Bisogna essere realisti. Quella del governo Letta non è una svolta-choc in grado di ribaltare le aspettative e scatenare gli animal spirits, oggi a terra, della settima potenza industriale del mondo. Siamo di fronte, piuttosto, a una serie di ragionevoli misure utili per imprese e famiglie. Il necessario (e obbligato in termini di agibilità finanziaria) per diradare la vaporosa flemma governativa delle ultime settimane e insieme per comprare il poco tempo indispensabile per fare della crescita - manovrando la leva fiscale - non un'ipotesi sulla carta, rigorosamente prevista e subito smentita a colpi di flessione della ricchezza nazionale, ma un dato di fatto.

Dagli appalti ai finanziamenti a tassi agevolati per l'acquisto di macchinari e impianti a uso produttivo.
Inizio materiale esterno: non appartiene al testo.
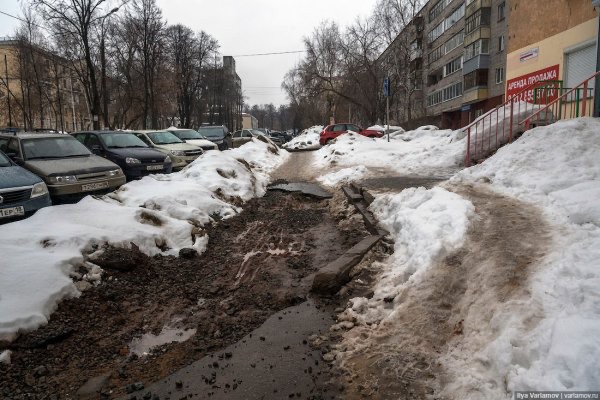 Создать мем: в снегах, грязная лужа, грязный снег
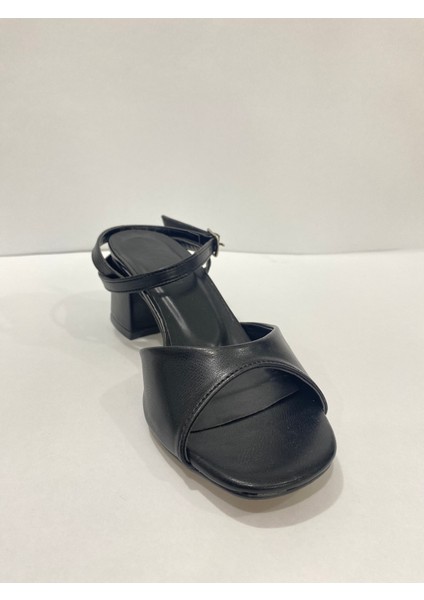 Stiletto Bilekten Bağlamalı Topuklu Kalın Topuklu Ayakkabı Platform Topuk Ince Topuk Sandalet Rugan Ayakkabı Klasik Topuklu Düz Deri Ayakkabı Maskülen Tarz Ayakkabı modelleri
Dall'estensione del fondo di garanzia per le piccole e medie imprese allo stop del pignoramento della prima casa e alla nuova scaletta delle rateizzazioni che verrà imposta a Equitalia. Dal definanziamento parziale delle grandi opere (tipo Tav Lione-Torino e Terzo valico Milano-Genova, scelta d'impatto selettiva) per dare fiato a quelle minori già cantierate e cantierabili, alla spinta sull'Agenda digitale, a molte semplificazioni burocratiche e per finire al taglio di 500 milioni alla bolletta elettrica, sono diversi i provvedimenti interessanti.
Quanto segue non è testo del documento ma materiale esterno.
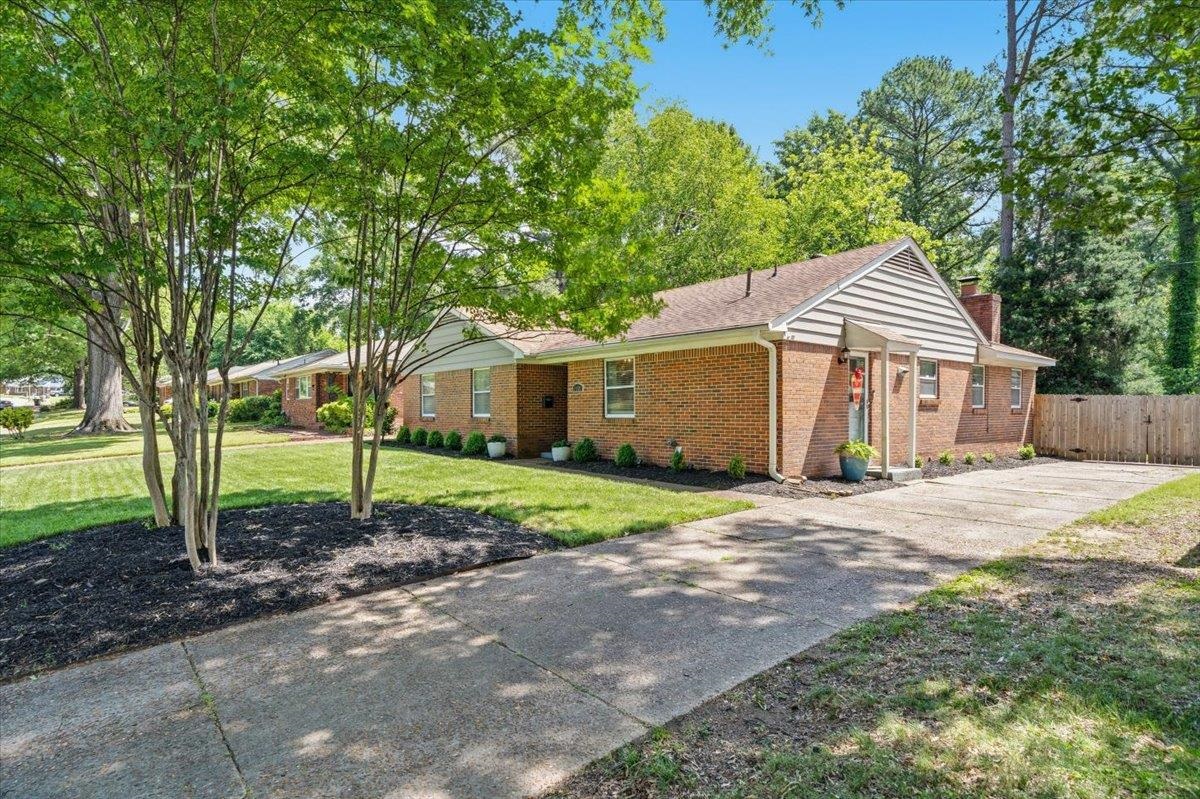 1458 Wheaton St Property Photo 2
Ne esce il profilo di una rete dove non spicca una super misura-bandiera ma che, se riuscirà ad essere tradotta in legge senza stravolgimenti, troppi interventi attuativi secondari e nei tempi più rapidi possibili (i disegni di legge sono un'incognita) potrà dare un contributo importante. Come si sa, di trappole, ritardi e resistenze nel cuore dello Stato è piena la storia passata e recente del riluttante riformismo italiano.
Da questo punto di vista, vanno salutati positivamente il ritorno della riscritta mediazione civile obbligatoria taglia-processi (di recente impallinata dalla Corte Costituzionale) e il travaso in un decreto governativo della risoluzione parlamentare, votata da tutti i partiti in Commissione Finanze della Camera, su un Fisco che abituato a imporsi sui sudditi dovrà fare ora meglio i suoi conti con i cittadini. Un caso raro di pratica collaborazione istituzionale nell'interesse di tutti.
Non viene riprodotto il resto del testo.